Last summer, everyone was all a-buzz about the first volume in a new fantasy series by Erika Johansen. I had every good intention to either read or listen to The Queen of the Tearling right away, but life or other books or work or something got in the way.
A few weeks ago, I received a finished copy of the paperback edition, with its pretty red cover. When I tweeted about the book, so many people in my feed told me how much they loved it, I decided to get right to it. Especially because the second book in the Tearling series is coming out in early summer.
Here are my thoughts in a bullet review.
• What happens: Nineteen-year-old Kelsea Raleigh Glynn has been raised in isolation by foster parents. All she really knows about herself is that her mother was a queen and that she is to inherit the throne some day. When that day comes, Kelsea is turned over to the Queen's Guard and is taken to New London and the castle keep. Full of book learning and high ideals, Kelsea must win over her guard and her kingdom, make changes, appease her uncle (who has served as regent), and protect her citizens. The first change she implements, however, has broad-reaching and potentially disastrous results.

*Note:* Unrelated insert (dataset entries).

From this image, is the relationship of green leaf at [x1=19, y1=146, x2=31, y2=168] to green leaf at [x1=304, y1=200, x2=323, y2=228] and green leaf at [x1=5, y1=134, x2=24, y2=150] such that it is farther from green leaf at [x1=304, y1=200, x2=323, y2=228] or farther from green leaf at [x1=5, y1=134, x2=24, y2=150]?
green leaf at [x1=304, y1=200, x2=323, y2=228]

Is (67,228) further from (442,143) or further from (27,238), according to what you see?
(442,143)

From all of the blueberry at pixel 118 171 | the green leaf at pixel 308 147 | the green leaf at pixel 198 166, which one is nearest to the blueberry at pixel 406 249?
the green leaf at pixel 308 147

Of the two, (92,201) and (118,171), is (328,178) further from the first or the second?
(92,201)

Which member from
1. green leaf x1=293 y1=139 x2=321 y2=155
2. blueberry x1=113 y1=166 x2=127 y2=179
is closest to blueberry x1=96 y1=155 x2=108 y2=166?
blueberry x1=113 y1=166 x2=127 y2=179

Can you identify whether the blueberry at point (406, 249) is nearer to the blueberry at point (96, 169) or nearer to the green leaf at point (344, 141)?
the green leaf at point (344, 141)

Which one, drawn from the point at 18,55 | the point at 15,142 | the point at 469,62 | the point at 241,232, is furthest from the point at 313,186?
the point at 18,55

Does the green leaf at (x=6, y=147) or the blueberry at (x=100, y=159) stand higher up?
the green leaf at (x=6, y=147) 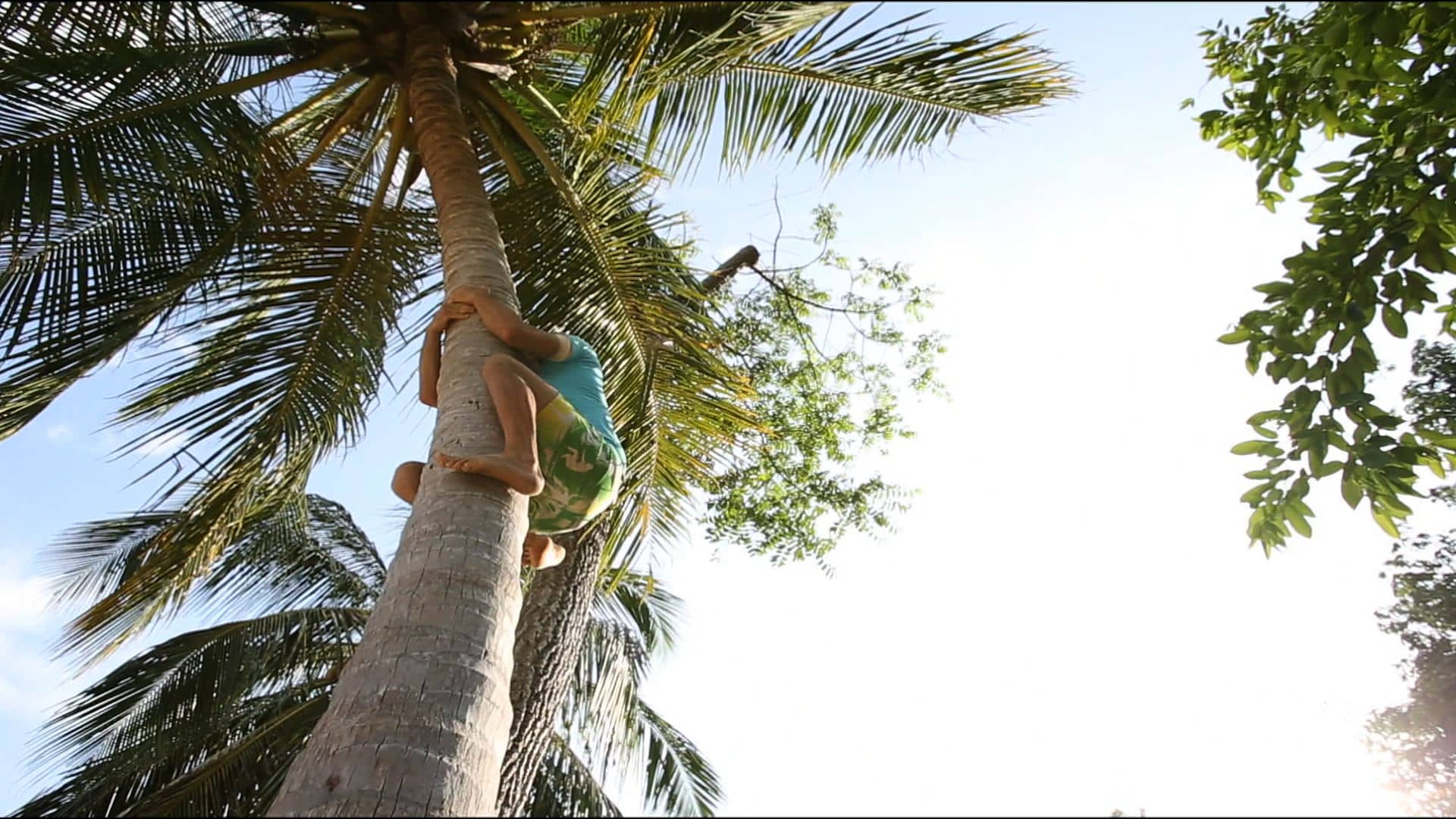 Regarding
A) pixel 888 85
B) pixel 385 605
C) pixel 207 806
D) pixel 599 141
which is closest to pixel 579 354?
pixel 385 605

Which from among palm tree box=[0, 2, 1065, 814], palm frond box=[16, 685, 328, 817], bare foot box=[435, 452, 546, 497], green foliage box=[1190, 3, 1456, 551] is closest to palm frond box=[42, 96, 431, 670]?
palm tree box=[0, 2, 1065, 814]

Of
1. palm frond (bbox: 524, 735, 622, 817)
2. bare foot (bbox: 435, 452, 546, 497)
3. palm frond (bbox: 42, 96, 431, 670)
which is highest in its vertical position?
palm frond (bbox: 42, 96, 431, 670)

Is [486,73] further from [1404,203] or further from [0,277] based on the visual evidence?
[1404,203]

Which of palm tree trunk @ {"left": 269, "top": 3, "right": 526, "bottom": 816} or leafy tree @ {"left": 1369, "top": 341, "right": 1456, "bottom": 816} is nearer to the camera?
palm tree trunk @ {"left": 269, "top": 3, "right": 526, "bottom": 816}

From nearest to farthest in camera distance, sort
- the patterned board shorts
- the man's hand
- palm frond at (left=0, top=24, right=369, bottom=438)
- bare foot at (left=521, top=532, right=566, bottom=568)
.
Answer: the patterned board shorts
the man's hand
bare foot at (left=521, top=532, right=566, bottom=568)
palm frond at (left=0, top=24, right=369, bottom=438)

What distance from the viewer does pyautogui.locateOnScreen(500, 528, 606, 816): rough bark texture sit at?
5082 mm

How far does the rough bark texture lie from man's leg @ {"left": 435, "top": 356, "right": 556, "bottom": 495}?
210 cm

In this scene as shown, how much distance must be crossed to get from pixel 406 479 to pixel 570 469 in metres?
0.68

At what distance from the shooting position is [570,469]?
3.46m

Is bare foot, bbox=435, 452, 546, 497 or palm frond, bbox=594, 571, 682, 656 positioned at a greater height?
palm frond, bbox=594, 571, 682, 656

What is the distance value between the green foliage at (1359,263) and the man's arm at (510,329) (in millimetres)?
2359

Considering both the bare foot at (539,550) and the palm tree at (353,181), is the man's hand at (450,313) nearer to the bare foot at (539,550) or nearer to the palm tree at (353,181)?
the palm tree at (353,181)

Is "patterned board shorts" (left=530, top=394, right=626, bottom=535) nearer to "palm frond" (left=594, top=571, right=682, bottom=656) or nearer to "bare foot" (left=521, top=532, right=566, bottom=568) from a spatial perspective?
"bare foot" (left=521, top=532, right=566, bottom=568)

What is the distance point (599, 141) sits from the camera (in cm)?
525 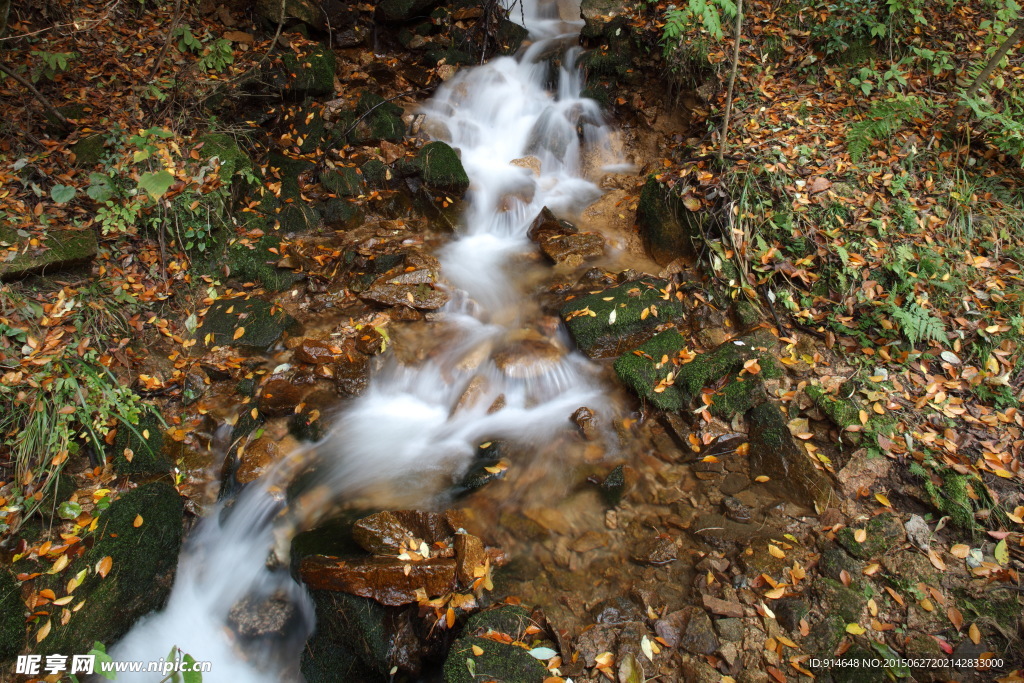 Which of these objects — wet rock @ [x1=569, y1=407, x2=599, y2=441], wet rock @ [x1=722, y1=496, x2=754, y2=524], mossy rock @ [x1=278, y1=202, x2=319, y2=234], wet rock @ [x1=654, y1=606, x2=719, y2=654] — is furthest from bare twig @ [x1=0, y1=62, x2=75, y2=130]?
wet rock @ [x1=722, y1=496, x2=754, y2=524]

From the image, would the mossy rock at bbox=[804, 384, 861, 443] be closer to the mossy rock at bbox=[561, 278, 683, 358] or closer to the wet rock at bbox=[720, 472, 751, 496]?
the wet rock at bbox=[720, 472, 751, 496]

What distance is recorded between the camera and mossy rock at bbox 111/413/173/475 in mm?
4172

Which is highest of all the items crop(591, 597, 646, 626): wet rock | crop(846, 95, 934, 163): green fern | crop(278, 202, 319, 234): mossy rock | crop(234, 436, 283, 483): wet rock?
crop(846, 95, 934, 163): green fern

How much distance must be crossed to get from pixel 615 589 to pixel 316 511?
96.2 inches

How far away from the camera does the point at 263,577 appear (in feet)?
12.5

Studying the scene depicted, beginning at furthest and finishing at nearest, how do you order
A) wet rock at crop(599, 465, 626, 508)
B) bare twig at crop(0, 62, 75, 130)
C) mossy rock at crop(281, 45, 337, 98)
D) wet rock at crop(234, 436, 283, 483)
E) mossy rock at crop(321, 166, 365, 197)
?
mossy rock at crop(281, 45, 337, 98) → mossy rock at crop(321, 166, 365, 197) → bare twig at crop(0, 62, 75, 130) → wet rock at crop(234, 436, 283, 483) → wet rock at crop(599, 465, 626, 508)

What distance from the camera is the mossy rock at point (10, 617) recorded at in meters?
3.04

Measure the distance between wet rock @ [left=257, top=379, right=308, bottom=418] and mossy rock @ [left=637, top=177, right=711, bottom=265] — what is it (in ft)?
14.3

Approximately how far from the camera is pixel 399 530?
3633 mm

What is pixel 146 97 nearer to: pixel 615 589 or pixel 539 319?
pixel 539 319

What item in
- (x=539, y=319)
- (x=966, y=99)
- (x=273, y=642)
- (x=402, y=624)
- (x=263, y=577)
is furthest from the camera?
(x=539, y=319)

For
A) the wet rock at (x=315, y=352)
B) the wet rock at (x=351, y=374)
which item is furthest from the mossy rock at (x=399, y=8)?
the wet rock at (x=351, y=374)

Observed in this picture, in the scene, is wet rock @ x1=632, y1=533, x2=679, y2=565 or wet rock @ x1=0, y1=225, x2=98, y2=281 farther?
wet rock @ x1=0, y1=225, x2=98, y2=281

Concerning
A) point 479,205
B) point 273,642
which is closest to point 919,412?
point 273,642
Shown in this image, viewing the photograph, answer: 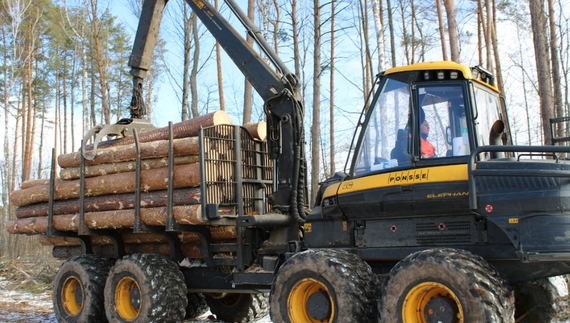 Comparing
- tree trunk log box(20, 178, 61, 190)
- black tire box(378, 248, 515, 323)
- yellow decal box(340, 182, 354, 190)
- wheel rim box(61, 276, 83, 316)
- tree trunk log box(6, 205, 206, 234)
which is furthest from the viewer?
tree trunk log box(20, 178, 61, 190)

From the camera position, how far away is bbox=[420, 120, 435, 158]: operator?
5875 mm

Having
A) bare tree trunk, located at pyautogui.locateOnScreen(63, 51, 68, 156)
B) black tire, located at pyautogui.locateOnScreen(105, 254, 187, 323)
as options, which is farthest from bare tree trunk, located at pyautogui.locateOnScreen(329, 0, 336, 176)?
bare tree trunk, located at pyautogui.locateOnScreen(63, 51, 68, 156)

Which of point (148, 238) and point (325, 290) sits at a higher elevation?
point (148, 238)

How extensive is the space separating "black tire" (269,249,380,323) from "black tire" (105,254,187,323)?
217cm

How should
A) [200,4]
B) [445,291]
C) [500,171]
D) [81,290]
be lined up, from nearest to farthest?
1. [500,171]
2. [445,291]
3. [200,4]
4. [81,290]

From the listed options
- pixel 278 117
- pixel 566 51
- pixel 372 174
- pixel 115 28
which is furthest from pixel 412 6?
pixel 372 174

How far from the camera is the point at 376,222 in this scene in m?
6.45

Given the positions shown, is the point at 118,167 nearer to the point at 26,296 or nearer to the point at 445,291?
the point at 445,291

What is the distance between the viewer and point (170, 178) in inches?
311

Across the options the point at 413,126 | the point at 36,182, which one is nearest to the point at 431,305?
the point at 413,126

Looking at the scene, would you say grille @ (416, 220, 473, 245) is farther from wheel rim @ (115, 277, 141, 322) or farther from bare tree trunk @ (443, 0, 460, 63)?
bare tree trunk @ (443, 0, 460, 63)

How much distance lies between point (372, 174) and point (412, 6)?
2206cm

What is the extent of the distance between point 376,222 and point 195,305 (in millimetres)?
4715

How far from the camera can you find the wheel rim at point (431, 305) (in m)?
5.27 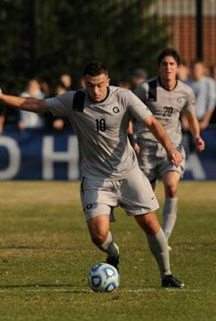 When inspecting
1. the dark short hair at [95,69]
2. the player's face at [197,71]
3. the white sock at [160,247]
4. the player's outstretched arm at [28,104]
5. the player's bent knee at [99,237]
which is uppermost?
the dark short hair at [95,69]

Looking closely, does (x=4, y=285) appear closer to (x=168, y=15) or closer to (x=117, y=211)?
(x=117, y=211)

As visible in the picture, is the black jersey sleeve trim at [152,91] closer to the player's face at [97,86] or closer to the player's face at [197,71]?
the player's face at [97,86]

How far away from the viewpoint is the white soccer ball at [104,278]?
35.4 feet

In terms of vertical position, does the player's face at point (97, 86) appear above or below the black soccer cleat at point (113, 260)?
above

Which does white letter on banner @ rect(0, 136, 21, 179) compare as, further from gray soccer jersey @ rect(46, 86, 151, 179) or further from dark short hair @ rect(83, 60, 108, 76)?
dark short hair @ rect(83, 60, 108, 76)

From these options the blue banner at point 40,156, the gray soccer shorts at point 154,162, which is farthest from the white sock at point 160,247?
the blue banner at point 40,156

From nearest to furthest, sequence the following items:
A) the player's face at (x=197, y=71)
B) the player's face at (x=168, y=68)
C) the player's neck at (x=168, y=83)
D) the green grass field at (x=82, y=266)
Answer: the green grass field at (x=82, y=266)
the player's face at (x=168, y=68)
the player's neck at (x=168, y=83)
the player's face at (x=197, y=71)

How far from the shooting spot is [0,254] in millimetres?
13844

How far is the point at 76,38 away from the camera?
28031 mm

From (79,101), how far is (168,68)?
3.20 m

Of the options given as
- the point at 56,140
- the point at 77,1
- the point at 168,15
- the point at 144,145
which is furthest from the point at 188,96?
the point at 168,15

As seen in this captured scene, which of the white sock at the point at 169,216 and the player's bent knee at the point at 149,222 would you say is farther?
the white sock at the point at 169,216

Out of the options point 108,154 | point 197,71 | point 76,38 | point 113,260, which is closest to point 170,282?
point 113,260

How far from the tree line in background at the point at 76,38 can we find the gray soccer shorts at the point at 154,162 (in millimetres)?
11806
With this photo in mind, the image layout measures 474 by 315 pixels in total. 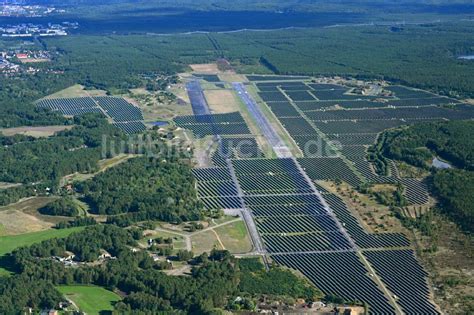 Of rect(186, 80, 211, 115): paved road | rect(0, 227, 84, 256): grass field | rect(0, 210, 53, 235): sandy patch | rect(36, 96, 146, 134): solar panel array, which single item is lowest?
rect(0, 210, 53, 235): sandy patch

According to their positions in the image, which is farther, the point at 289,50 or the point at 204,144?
the point at 289,50

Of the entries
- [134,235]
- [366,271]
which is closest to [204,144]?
[134,235]

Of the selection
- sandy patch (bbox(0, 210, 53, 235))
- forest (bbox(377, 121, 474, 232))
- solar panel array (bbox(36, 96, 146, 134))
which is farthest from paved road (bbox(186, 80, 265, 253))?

• Time period, genre, and such: Although The Queen of the Tearling is billed as a fantasy, it's really a mix of alternate history, dystopian, and yes, fantasy wrapped up in a kind of coming-of-age story. I really don't know how else to describe it. The time is the twenty-fourth century, and Kelsea's country, somewhere in what was once Europe, has lost most of its technology. There are no computers, electricity, or even advanced medicine. Three hundred years earlier, the poor and disgruntled climbed into boats and left America to find a new life. Stories of life before the Crossing abound, but in the Tearling and in the neighboring country of Mortmesne, technology is once again at the level of the Dark Ages. There is, however, magic, but we don't yet know who controls it and whether it is good or evil.
• Why I love Kelsea: Hold on to your hats, Kelsea is like no other heroine of young adult fantasy, dystopian, or alternate history you've ever met. First, she is not drop-dead gorgeous. In fact, she is rather plain, knows it, and isn't overly bothered by it. Second, although she is learning to use a knife and sword, she is not a master with these weapons. Third, she is focused on the job at hand: ruling her kingdom in the best way possible. Fourth, she is curious, willing to learn, and self-confident enough to admit that she doesn't know everything. Fifth, although she definitely notices guys, there is no love story (not yet, anyway). Whenever she finds her mind turning toward a cute man, she reprimands herself, pulling her attention back to her duties. She is strong yet vulnerable and is confused and scared by the magical powers that have suddenly become available to her. She also has a bad temper, which she works hard to curb.
• Other characters: The men of the guard, the women Kelsea brings to court, and the other people who are important to the plot have definite personalities, hidden histories, and complex emotions. Very few people are flat or difficult to envision.
• Plot notes: Not for the faint of heart: there are battle scenes, knifings, arguments, betrayals, and recklessness. There are also moments of loyalty and sacrifice. Johansen doesn't lay everything out in the first book, so we have plenty more to discover, and it's not clear exactly how Kelsea is going to defeat her enemies. We get a good sense of the Tearling, often through Kelsea's eyes as she learns about New London, the Keep, and life outside the forest in which she was raised.
• Audiobook: Katherine Kellgren reads the unabridged audiobook (Harper Audio; 14 hr, 30 min) with great enthusiasm and emotion. For the first few minutes, I wasn't sure if I was going to like the narration, but Kellgren grew on me, and I loved how she enhanced the action and drama of the story. Her pacing was excellent and so were her characterizations, both male and female. If you opt for the audiobook, I do recommend giving it about a half hour. As I said, the beginning of Kellgren's performance was a bit off-putting, but I soon found myself entranced.
• Recommendation: Erika Johansen's The Queen of the Tearling breaks new ground in young adult fiction. It's refreshing to find a smart, focused female heroine who is down to earth and very human. Read this novel soon, so you're ready for the second book in the series--The Invasion of the Tearling--which comes out in June.